I guess I really never thought it could be this easy, pouring my heart and soul out, I mean. I just wish you could see just how happy I am living my life, because I know I wish you to be happy in yours.

To tie this up, many of you might be wondering why I brought up the kid in the beginning of my story, and then completely dismissed him to talk about my troubles. Well, let me tell you, he has no issues anymore.

James and I have been together for a solid three years, following a heavy decrease in my weight and increase in my confidence. James is really the one who pushed me to lose those final pounds when all I wanted to do was stop and give in. He’s been my rock.

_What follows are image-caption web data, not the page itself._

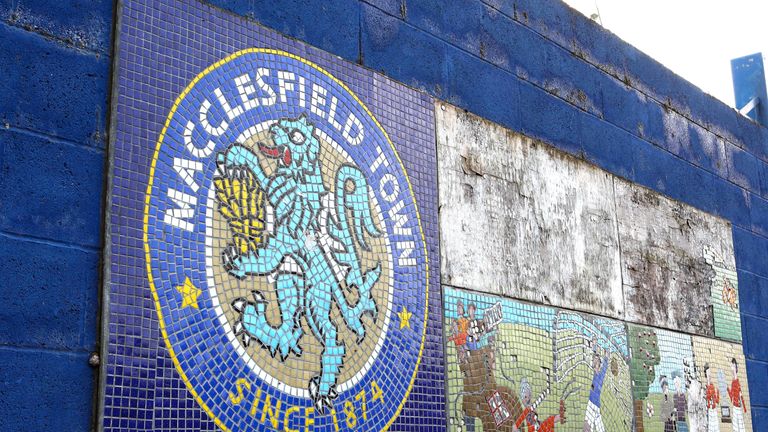 A Macclesfield se les dedujeron seis puntos por falta de pago de salarios y el incumplimiento de un partido de Sky Bet League Two contra Crewe el 7 de diciembre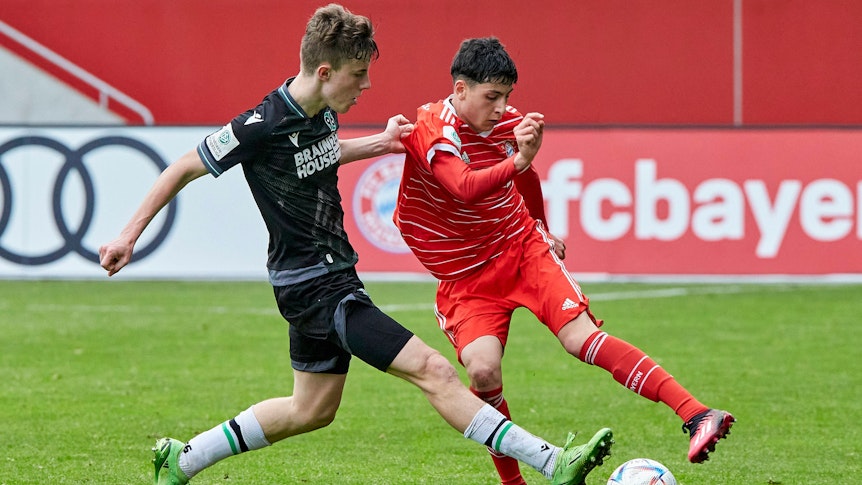 Yannick Michaelis (l.) bestreitet am 14. Mai 2023 einen Zweikampf im Nachwuchs-Spiel von Hannover 96 gegen Bayern München.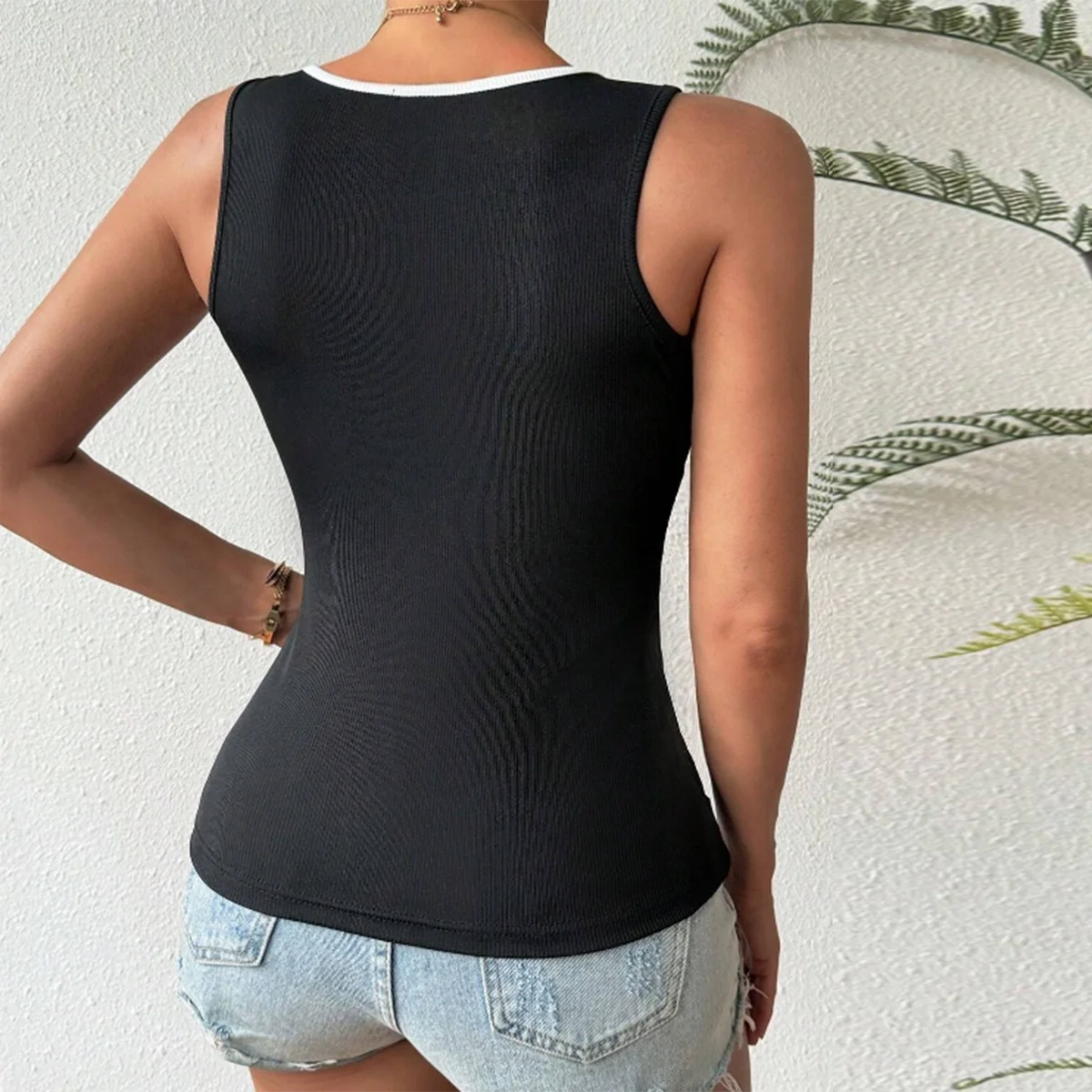 Sexy Sleeveless Ribbed Tank Top V-neck for Summer Club Nights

He no longer looks like the stereotypical nerd from elementary school, he looks more dark, but definitely not nerdy in any way. His soft brown hair is now dyed a jet black, and his ear is pierced. Not something a mother would usually enjoy, but my mom is pretty cool about me and my choices.

He’s sweet and kind, and well… I won’t bore you.

Just know that I’m doing well now, and so can you. I hope everything you have on your mind can be compared to the “soap opera of my life,” and maybe yours won’t seem so bad.

Remember to keep your chin up and your eyes on the prize, because sometimes, even if you feel like you’ve lost, the greatest gift of it all was the knowledge you gained from the experience.